Celebrity

Carol Channing, Broadway Legend, Dies at 97

Broadway legend Carol Channing, best known for her starring role in Hello, Dolly! died Tuesday. […]

Broadway legend Carol Channing, best known for her starring role in Hello, Dolly! died Tuesday. She was 97.

Channing’s publicist, B. Harlan Boll, confirmed to CBS News that Channing died at 12:31 a.m. in Rancho Mirage, California, of natural causes.

Videos by PopCulture.com

The iconic actress, singer and comedian had suffered strokes over the past year, Boll said.

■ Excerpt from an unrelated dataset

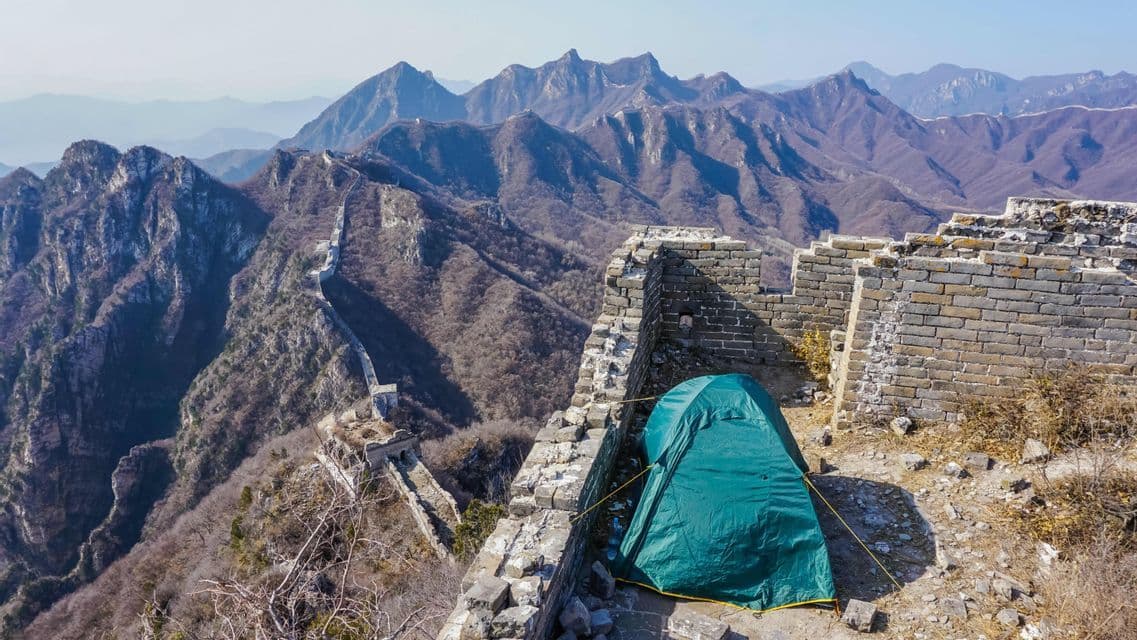 Une tente de camping verte installée sur un long mur de pierre en ruine serpentant à travers une vaste chaîne de montagnes escarpée sous un ciel clair.
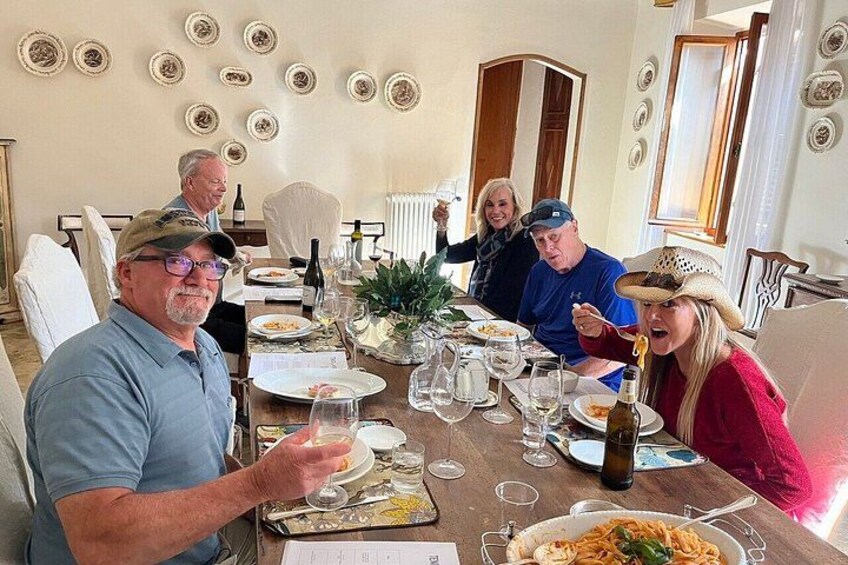 A group of people dining at a table with plates of food, wine glasses, and a bottle of wine. 1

No memorial events have been scheduled, as that was her wish.

Channing won a Tony award for her performance in the 1964 musical Hello, Dolly!, which opened on Broadway almost exactly 55 years ago, on Jan. 16, 1964.

She was also known for numerous films like Thoroughly Modern Millie with Julie Andrews and The First Traveling Saleslady with Ginger Rogers. A fixture on a variety of TV shows, Channing also appeared on The Ed Sullivan Show and Hollywood Squares. She also appeared in nightclubs, and for a time partnered with George Burns in Las Vegas and on a national tour.

Her husband, former rancher and local political leader Harry Kullijian, died in 2011 the day before his 92nd birthday.

Channing continued as Dolly, a matchmaker who receives her toughest challenge when a rich grump seeks a wife, in national tours over the years, with her final performance as Dolly coming in 1996 when she was in her 70s.

Hello, Dolly! is the musical version of Thornton Wilder’s play The Matchmaker, and features a Jerry Herman-scored soundtrack of songs like “Put On Your Sunday Clothes,” “Before the Parade Passes By” and “It Only Takes a Moment.”

Born on Jan. 31, 1921 in Seattle, Channing’s father, George Channing, was a newspaper editor. When Channing was 3 months old, he moved to San Francisco, where he worked as a writer for the Christian Science Monitor and as a lecturer. He’d go on to become editor-in-chief of Christian Science publications.

Channing credited her father with her dream to become an entertainer. “He told me you can dedicate your life at 7 or 97. And the people who do that are happier people,” she said, according to CBS News.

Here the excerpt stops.